Task instructions: Could you restate the data below word for word, without its pictures?

Provided material:
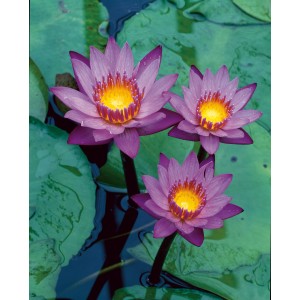 Drei blaue Seerosen (Nymphaea Hyb. 'Tropical Blue') mit gelber Mitte im Teich.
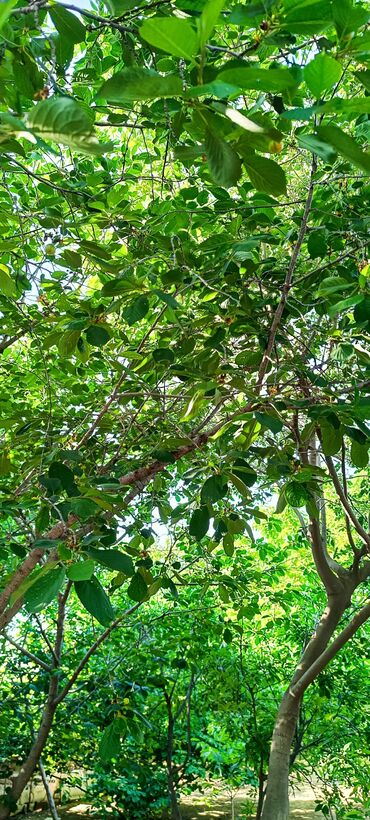 Torpaq sahələrinin satışı: 8 sot, Tikinti, Mülkiyyətçi, Kupça (Çıxarış) -da lalafo.az — 17 Torpaq sahələrinin satışı: 8 sot, Tikinti, Mülkiyyətçi, Kupça (Çıxarış) — 17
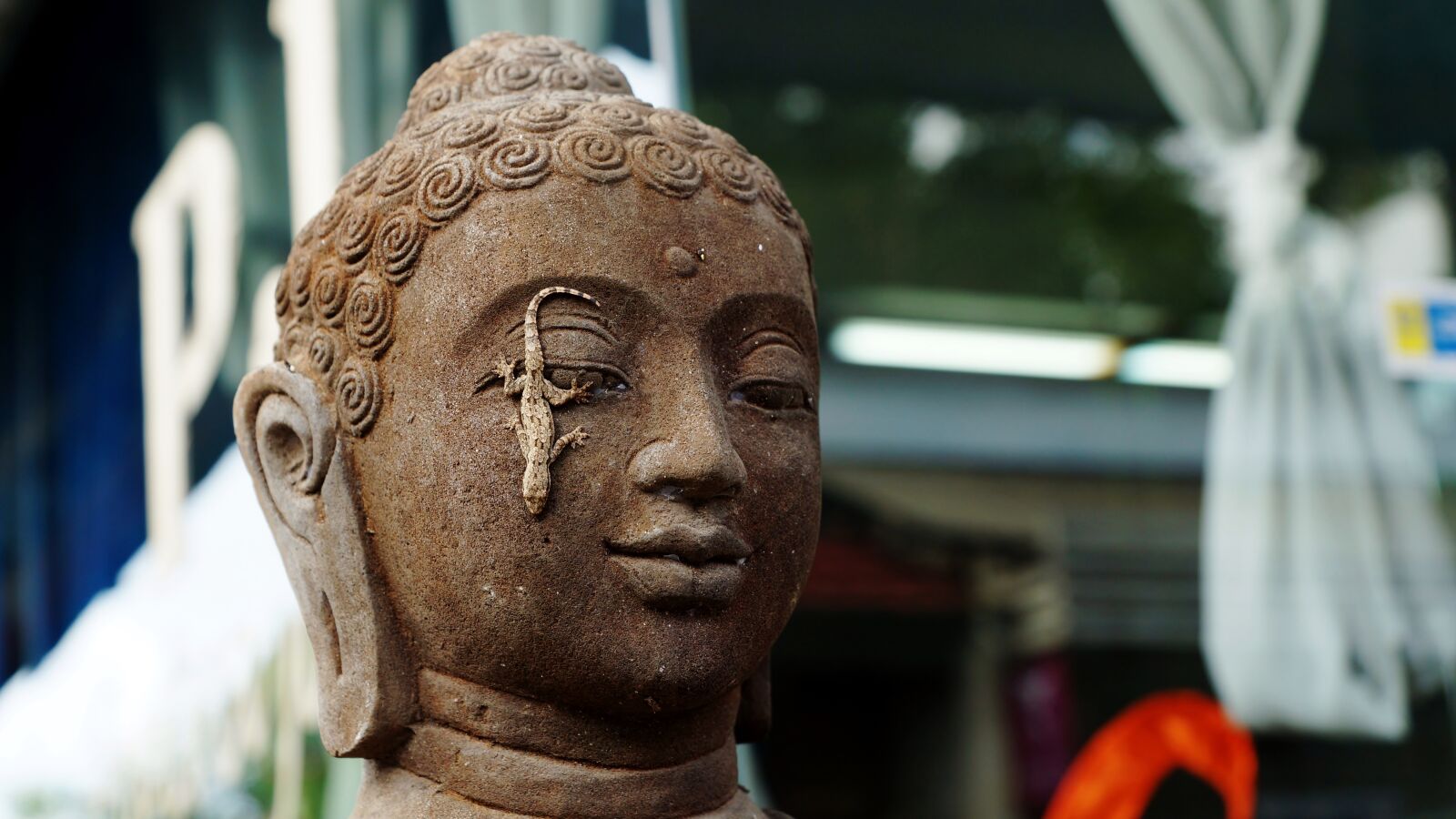 Sony SLT-A77 + Sony DT 16-50mm F2.8 SSM sample photo. Buddha, lizard, bali photography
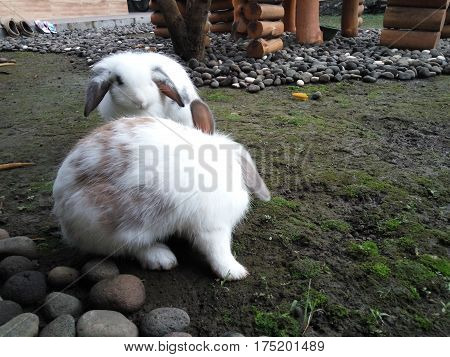 White rabbits in outdoor garden of home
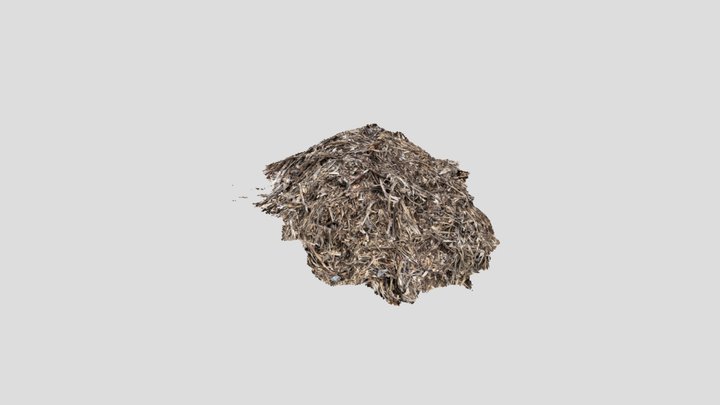 wood chips - MTSU ANIMATION – Free 3D Model STL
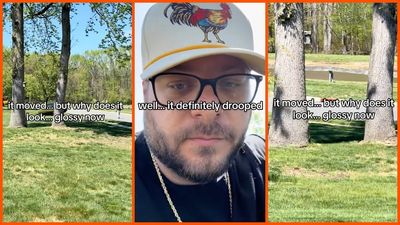 Florida man swears a tree is moving closer to his house. That’s not as crazy as it sounds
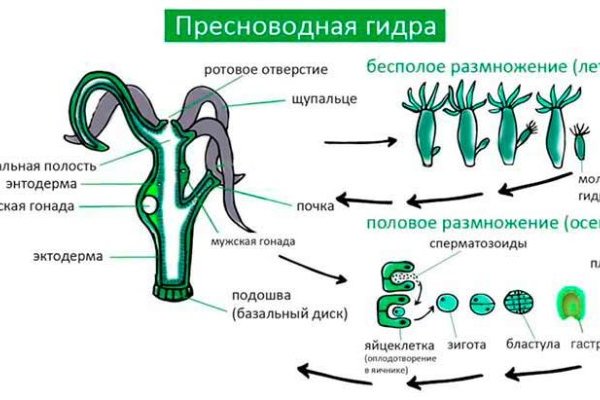 Логин пароль blacksprut 1blacksprut me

Expected answer:
 Drei blaue Seerosen (Nymphaea Hyb. 'Tropical Blue') mit gelber Mitte im Teich.
 Torpaq sahələrinin satışı: 8 sot, Tikinti, Mülkiyyətçi, Kupça (Çıxarış) -da lalafo.az — 17 Torpaq sahələrinin satışı: 8 sot, Tikinti, Mülkiyyətçi, Kupça (Çıxarış) — 17
 Sony SLT-A77 + Sony DT 16-50mm F2.8 SSM sample photo. Buddha, lizard, bali photography
 White rabbits in outdoor garden of home
 wood chips - MTSU ANIMATION – Free 3D Model STL
 Florida man swears a tree is moving closer to his house. That’s not as crazy as it sounds
 Логин пароль blacksprut 1blacksprut me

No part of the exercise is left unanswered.